Extracted data entries:
########

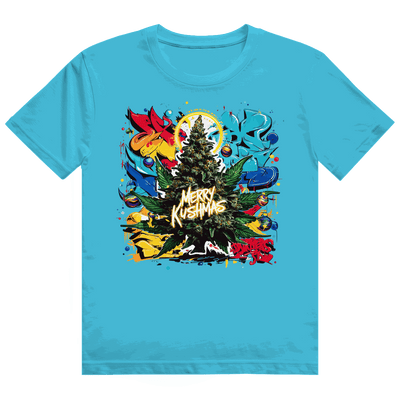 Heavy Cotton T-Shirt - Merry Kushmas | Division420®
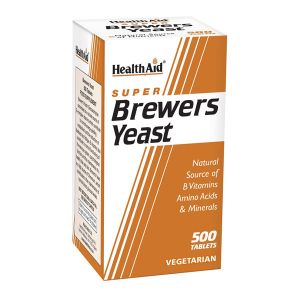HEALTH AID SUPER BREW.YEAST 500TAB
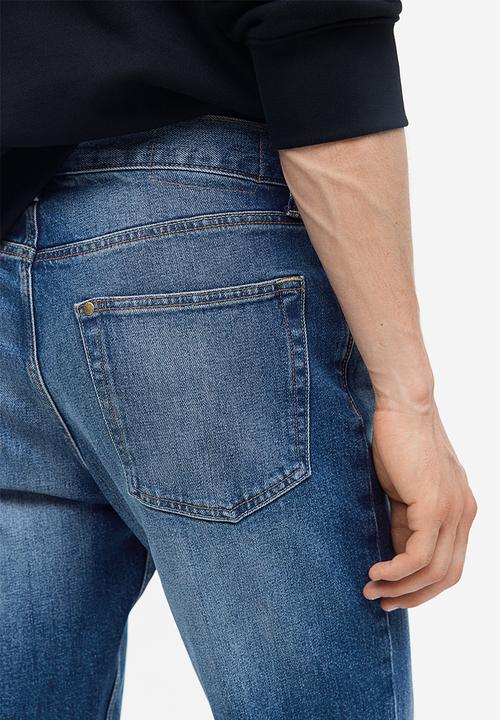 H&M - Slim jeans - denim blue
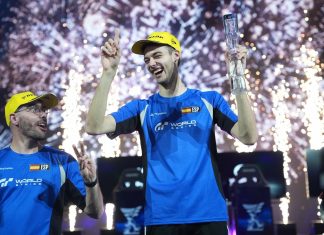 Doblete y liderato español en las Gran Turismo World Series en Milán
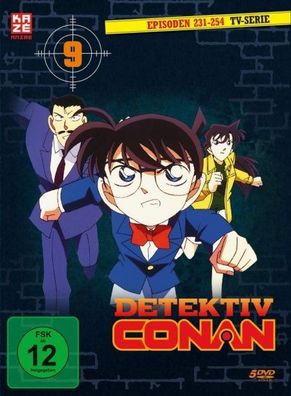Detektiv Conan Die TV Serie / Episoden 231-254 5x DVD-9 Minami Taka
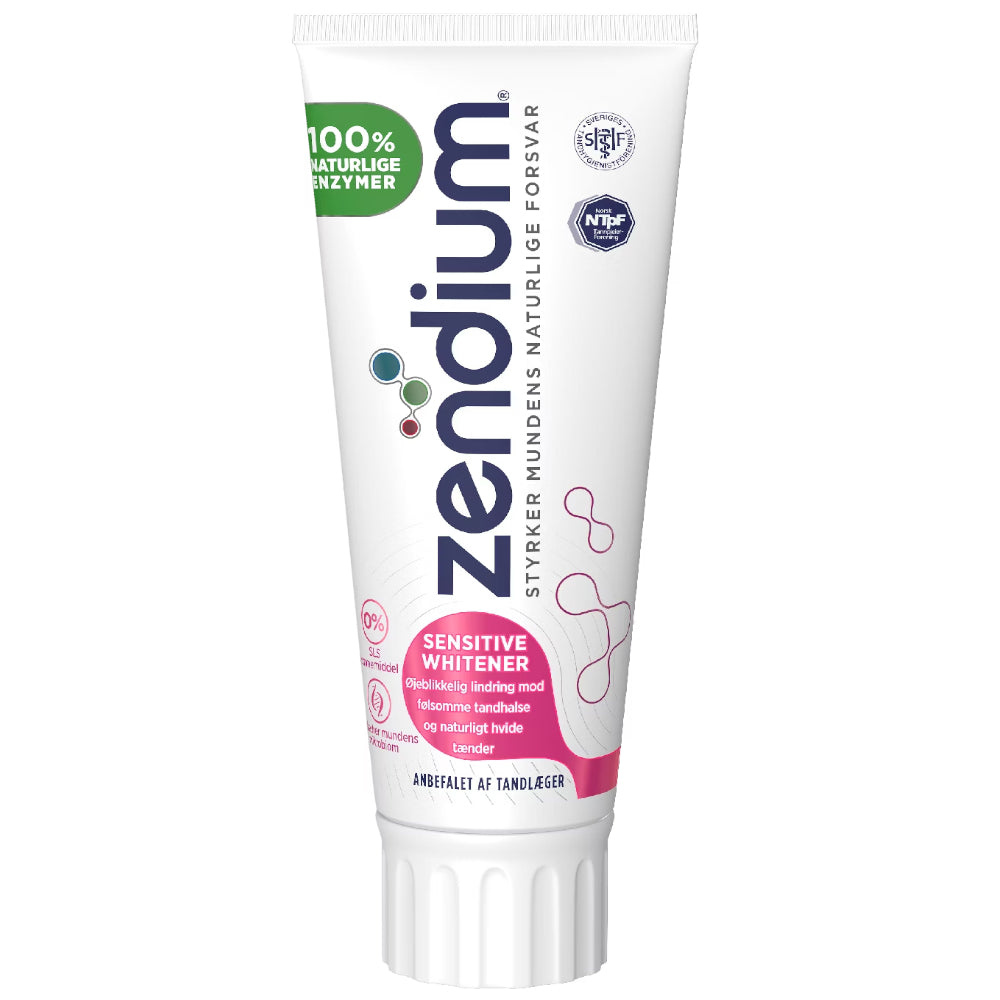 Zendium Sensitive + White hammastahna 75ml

########

* What to work on
Leave out the pictures and set down all of the data exactly.

* Solution
 Heavy Cotton T-Shirt - Merry Kushmas | Division420®
HEALTH AID SUPER BREW.YEAST 500TAB
 H&M - Slim jeans - denim blue
 Doblete y liderato español en las Gran Turismo World Series en Milán
Detektiv Conan Die TV Serie / Episoden 231-254 5x DVD-9 Minami Taka
 Zendium Sensitive + White hammastahna 75ml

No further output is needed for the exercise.